At a batch size of 8, the loss function became noisier, but had lower values. Larger batch sizes resulted in over-fitting, as evident from higher validation loss values for batch sizes of 16 and 32 (figure 3a). Therefore, we chose a batch size of 8 for our experiments henceforth. As the ϵ value gets smaller in the denominator, the optimiser makes larger weight updates leading to unstable optimisation, as shown in figure 3b for an ϵ value of 1 × 10−6. Since an ϵ value of 1 × 10−2 provided higher loss values (with slightly unstable validation loss), we set the ϵ value to the optimal value of 1 × 10−4 for all the subsequent experiments. From figure 3c, for a lower learning rate, the loss decay was slower and hence required more epochs for convergence. On the other hand, for a higher learning rate the loss values values converged before 20 epochs, although with higher loss values. At the optimal learning, the loss decay was slow and converged to a much lower loss value for both training and validation datasets. Hence, we chose the optimal learning rate schedule to be from 1 × 10−3 to 1 × 10−5.
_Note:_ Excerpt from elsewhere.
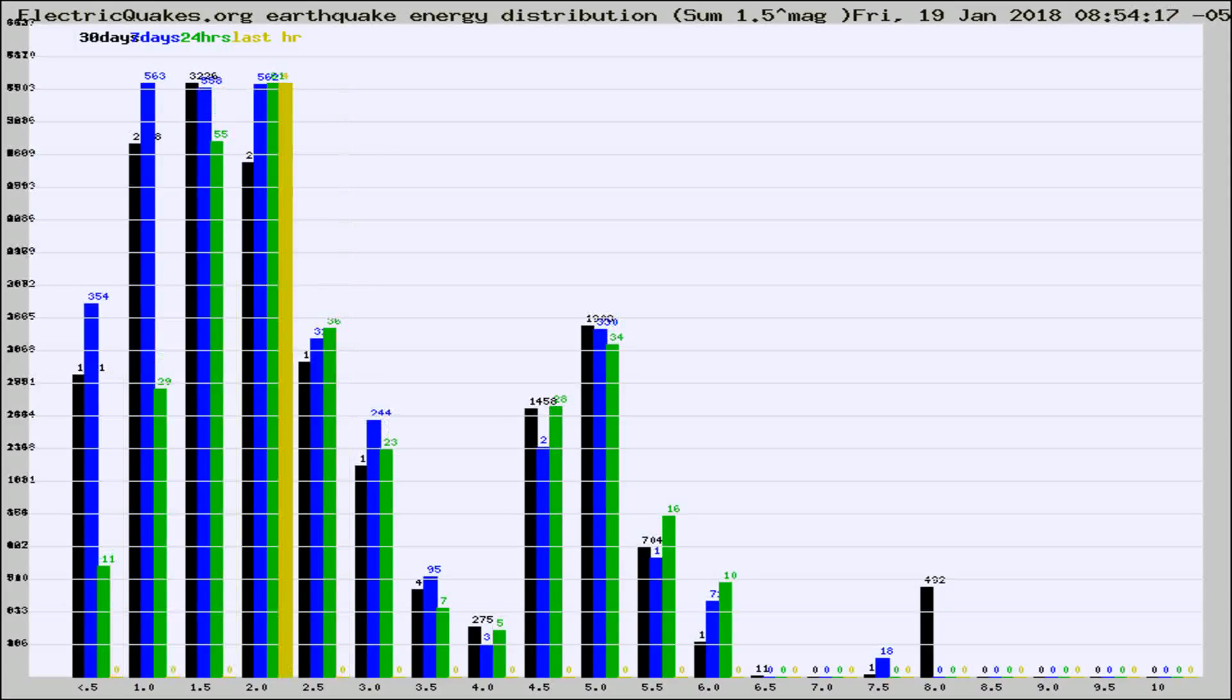Different colored columns are for 30 days, 7 days, 24 hours, and the last hour.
3.2. Ablation study: effect of loss function components on segmentation performance
The boxplots of the validation SI values for WMH segmentation in deep and periventricular areas are shown in Figure 4. On performing a one-way ANOVA across three components of the loss function (CE loss, weighted CE loss and weighted CE + Dice loss), we found that the SI values significantly increase (F = 25.39, p < 0.0001) for DWMHs with the addition of each component of the loss function. Both weighted CE loss and weighted CE + Dice loss gives significantly higher SI values than the CE loss component alone in the deep regions, whereas in the periventricular regions the SI values were significantly higher after adding the Dice loss component.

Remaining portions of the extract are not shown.